“Festival ini bukan hanya pesta budaya, tapi ajang pembuktian bahwa kearifan lokal bisa dikemas dalam bentuk yang menarik dan berdaya ekonomi,” tutur Andi Rosman. Ia menilai bahwa sektor pariwisata dan ekonomi kreatif Wajo akan tumbuh jika ditopang oleh kolaborasi berbagai pihak.

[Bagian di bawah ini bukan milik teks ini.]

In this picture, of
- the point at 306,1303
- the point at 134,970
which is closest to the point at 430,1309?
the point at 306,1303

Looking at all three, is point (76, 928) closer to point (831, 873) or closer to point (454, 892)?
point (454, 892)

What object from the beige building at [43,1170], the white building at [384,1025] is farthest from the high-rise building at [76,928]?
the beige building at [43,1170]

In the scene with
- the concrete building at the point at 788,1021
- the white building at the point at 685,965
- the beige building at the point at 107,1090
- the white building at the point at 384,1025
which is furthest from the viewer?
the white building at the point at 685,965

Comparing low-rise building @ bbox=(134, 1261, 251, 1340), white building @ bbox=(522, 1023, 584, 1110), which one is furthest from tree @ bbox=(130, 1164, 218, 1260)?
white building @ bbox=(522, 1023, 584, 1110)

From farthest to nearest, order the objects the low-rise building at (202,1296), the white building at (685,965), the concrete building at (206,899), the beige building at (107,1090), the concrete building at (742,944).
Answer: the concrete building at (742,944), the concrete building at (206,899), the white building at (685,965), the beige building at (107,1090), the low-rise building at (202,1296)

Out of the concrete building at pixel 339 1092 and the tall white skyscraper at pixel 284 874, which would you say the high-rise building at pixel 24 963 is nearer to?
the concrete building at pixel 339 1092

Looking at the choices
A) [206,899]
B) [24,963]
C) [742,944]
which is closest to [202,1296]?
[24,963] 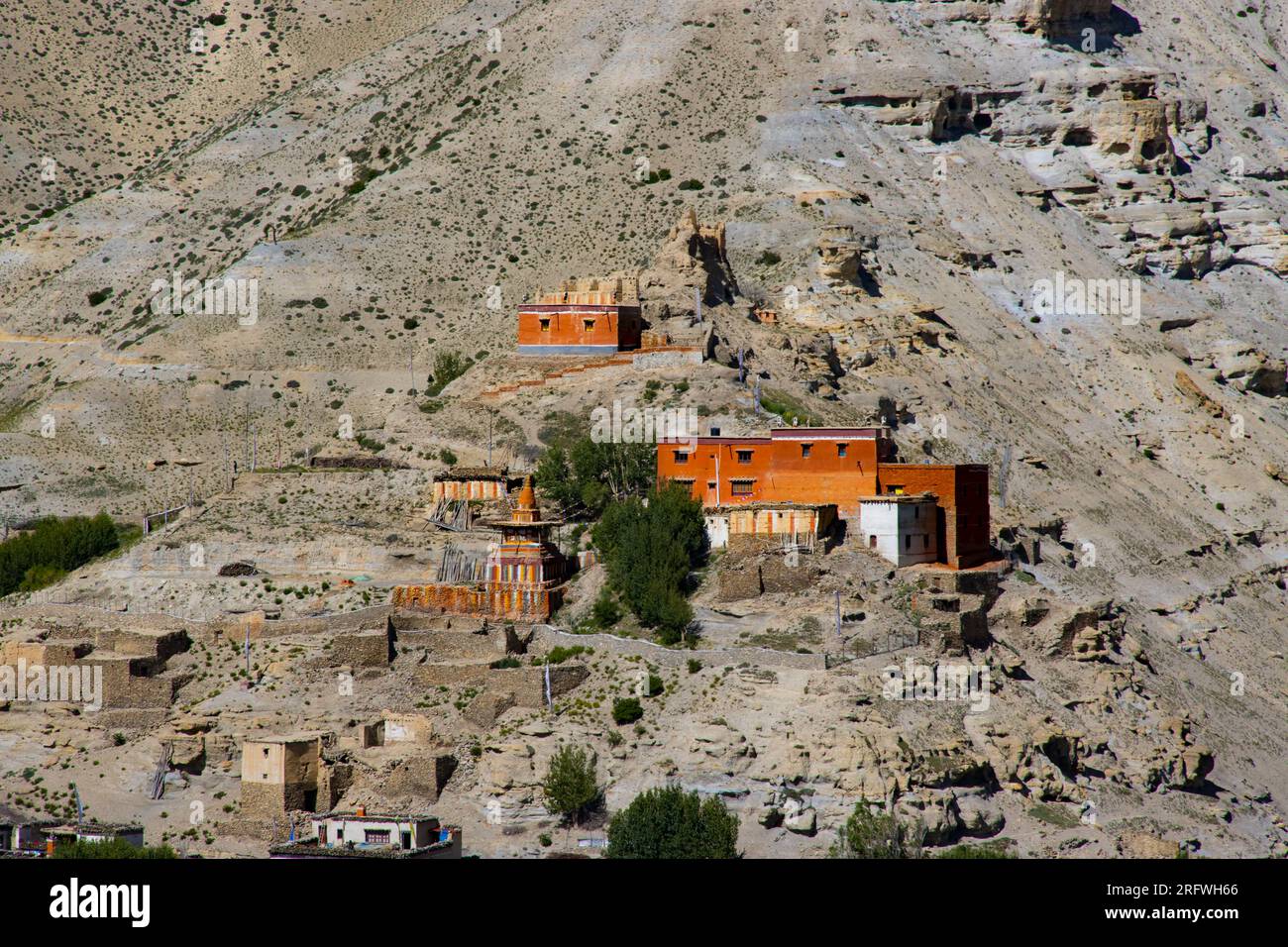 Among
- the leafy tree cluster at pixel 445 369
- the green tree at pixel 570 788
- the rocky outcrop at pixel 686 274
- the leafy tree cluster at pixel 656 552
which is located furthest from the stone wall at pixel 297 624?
the rocky outcrop at pixel 686 274

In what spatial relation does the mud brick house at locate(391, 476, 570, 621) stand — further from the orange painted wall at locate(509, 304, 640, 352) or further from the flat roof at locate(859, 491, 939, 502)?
the orange painted wall at locate(509, 304, 640, 352)

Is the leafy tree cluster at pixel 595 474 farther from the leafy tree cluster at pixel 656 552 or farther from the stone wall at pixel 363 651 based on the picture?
the stone wall at pixel 363 651

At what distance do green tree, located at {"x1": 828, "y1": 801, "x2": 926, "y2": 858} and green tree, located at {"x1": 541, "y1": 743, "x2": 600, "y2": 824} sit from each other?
689cm

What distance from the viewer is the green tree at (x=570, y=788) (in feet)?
180

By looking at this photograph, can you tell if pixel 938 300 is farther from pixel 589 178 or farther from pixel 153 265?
pixel 153 265

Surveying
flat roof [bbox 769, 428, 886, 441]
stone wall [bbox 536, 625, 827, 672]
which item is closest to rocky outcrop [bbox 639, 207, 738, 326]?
flat roof [bbox 769, 428, 886, 441]

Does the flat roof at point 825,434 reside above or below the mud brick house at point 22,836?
above

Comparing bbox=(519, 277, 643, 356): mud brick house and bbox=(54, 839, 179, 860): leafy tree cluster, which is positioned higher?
bbox=(519, 277, 643, 356): mud brick house

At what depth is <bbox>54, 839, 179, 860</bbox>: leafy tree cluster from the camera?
51.1 m

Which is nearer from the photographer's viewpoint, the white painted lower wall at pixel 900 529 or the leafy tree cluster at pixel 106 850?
the leafy tree cluster at pixel 106 850

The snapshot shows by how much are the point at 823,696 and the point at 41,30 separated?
113488mm

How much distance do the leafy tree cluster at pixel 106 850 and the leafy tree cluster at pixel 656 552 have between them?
16109 mm

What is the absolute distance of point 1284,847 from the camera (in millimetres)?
60812

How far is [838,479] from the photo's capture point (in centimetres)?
6694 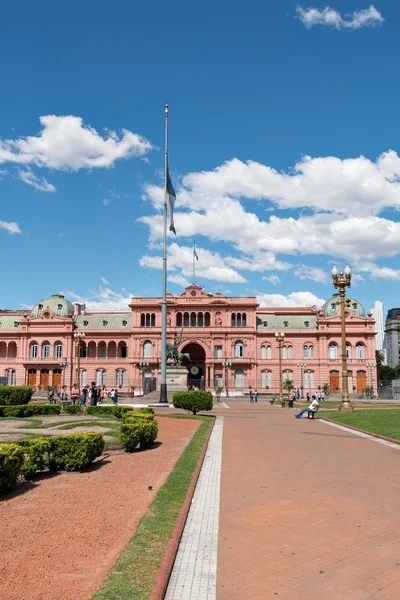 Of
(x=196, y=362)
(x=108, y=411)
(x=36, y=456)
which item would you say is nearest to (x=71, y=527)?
(x=36, y=456)

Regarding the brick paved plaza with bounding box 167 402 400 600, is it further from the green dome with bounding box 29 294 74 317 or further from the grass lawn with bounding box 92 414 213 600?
the green dome with bounding box 29 294 74 317

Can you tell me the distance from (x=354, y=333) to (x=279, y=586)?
73.6 meters

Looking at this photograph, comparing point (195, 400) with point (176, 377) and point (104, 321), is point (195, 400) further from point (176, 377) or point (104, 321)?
point (104, 321)

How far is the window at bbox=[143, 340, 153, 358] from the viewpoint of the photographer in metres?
77.1

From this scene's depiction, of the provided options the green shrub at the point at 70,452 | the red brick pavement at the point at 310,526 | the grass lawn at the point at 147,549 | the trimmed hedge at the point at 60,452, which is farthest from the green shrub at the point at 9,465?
the red brick pavement at the point at 310,526

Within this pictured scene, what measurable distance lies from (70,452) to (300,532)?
664 centimetres

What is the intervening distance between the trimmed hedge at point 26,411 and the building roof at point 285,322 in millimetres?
53792

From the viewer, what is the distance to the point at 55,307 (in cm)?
8238

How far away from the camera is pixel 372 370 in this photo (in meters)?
75.0

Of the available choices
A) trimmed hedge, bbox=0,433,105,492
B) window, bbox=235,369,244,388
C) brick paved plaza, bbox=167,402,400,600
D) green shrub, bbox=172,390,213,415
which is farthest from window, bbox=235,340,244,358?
trimmed hedge, bbox=0,433,105,492

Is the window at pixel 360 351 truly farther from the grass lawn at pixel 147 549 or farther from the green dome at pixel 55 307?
the grass lawn at pixel 147 549

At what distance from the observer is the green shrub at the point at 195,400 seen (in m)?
30.0

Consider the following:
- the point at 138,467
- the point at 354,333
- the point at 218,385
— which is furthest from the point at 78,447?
the point at 354,333

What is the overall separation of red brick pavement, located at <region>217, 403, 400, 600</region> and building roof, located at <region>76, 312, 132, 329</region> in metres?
67.4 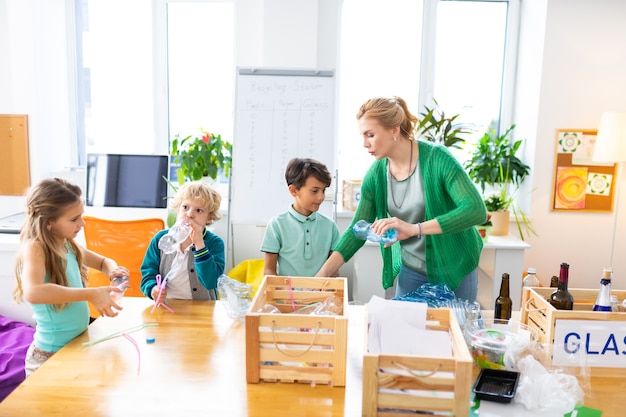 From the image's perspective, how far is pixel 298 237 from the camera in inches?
85.9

Menurutnya, Festival Danau Tempe bukan sekadar seremonial tahunan. Ia adalah simbol gotong royong lintas sektor—antara pemerintah, dunia usaha, akademisi, media, dan masyarakat—untuk menghidupkan kembali potensi daerah lewat pendekatan budaya. “Kita ingin festival ini berkontribusi nyata bagi pelaku pariwisata, UMKM, dan ekonomi kreatif. Kalau semua bergerak bersama, Wajo bisa menjadi episentrum kebudayaan sekaligus ekonomi berbasis sutra,” ujar Rosman.

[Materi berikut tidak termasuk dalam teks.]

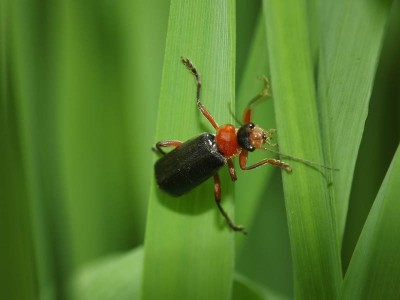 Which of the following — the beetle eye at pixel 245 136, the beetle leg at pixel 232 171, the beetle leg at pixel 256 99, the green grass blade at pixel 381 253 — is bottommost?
the green grass blade at pixel 381 253

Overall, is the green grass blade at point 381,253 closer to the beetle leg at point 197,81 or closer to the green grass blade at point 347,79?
the green grass blade at point 347,79


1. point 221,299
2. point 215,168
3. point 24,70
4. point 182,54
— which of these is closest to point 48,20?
point 24,70

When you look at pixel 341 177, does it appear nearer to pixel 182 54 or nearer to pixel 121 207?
pixel 182 54

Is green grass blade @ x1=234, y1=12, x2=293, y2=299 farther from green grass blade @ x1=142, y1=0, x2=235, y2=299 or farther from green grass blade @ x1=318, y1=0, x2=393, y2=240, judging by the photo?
green grass blade @ x1=318, y1=0, x2=393, y2=240

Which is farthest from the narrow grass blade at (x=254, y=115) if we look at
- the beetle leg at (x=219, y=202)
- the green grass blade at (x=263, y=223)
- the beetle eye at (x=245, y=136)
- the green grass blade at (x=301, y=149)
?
the green grass blade at (x=301, y=149)

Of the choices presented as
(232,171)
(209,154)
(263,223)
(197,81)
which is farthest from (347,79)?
(263,223)

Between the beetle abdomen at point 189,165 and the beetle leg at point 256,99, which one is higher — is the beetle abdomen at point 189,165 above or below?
below

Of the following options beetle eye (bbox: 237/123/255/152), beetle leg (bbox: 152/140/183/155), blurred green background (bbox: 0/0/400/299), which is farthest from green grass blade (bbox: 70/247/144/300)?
beetle eye (bbox: 237/123/255/152) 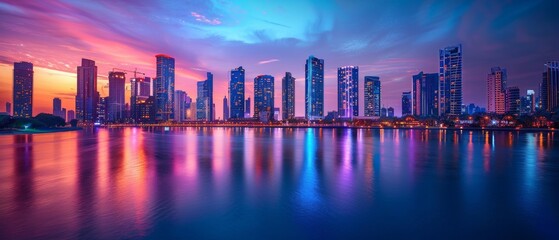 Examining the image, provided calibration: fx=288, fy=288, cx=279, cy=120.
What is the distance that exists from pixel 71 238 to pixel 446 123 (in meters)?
212

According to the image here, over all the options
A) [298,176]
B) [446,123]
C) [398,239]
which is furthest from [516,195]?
[446,123]

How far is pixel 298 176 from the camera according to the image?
19.7 metres

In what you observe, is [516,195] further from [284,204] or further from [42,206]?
[42,206]

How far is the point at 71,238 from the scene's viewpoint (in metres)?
9.00

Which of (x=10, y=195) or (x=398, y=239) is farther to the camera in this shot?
(x=10, y=195)

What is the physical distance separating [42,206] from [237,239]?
9.57 meters

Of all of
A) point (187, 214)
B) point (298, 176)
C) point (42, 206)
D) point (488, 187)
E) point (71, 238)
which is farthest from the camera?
point (298, 176)

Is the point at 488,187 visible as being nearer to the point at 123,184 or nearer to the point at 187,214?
the point at 187,214

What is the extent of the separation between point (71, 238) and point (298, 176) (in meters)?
13.2

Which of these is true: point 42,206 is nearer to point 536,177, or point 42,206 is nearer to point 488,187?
point 488,187

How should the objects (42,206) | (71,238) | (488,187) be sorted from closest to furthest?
(71,238) < (42,206) < (488,187)

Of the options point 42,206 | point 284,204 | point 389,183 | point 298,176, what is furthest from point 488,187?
point 42,206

Dari deretan tamu kehormatan tampak Anggota DPR RI Fraksi PAN, Andi Yuliani Paris, Wakil Ketua DPRD Wajo, Andi Merly Iswita, dan unsur Forkopimda. Semuanya larut dalam kemeriahan, menikmati parade yang tak sekadar menampilkan busana, tetapi juga menuturkan cerita tentang sejarah dan kebanggaan Wajo.
Festival Danau Tempe 2025 berakhir menjelang sore, namun gema warna dan semangatnya masih menggantung di udara Sengkang. Di setiap lembar kain sutra yang berayun, tersimpan pesan Bupati Wajo: bahwa pembangunan tidak hanya tentang infrastruktur, tetapi juga tentang menjaga dan merayakan identitas.
“Sutra adalah jati diri kami. Selama sutra masih ditenun di Wajo, semangat dan kebudayaan daerah ini akan terus hidup,” tutup Andi Rosman. (eddy)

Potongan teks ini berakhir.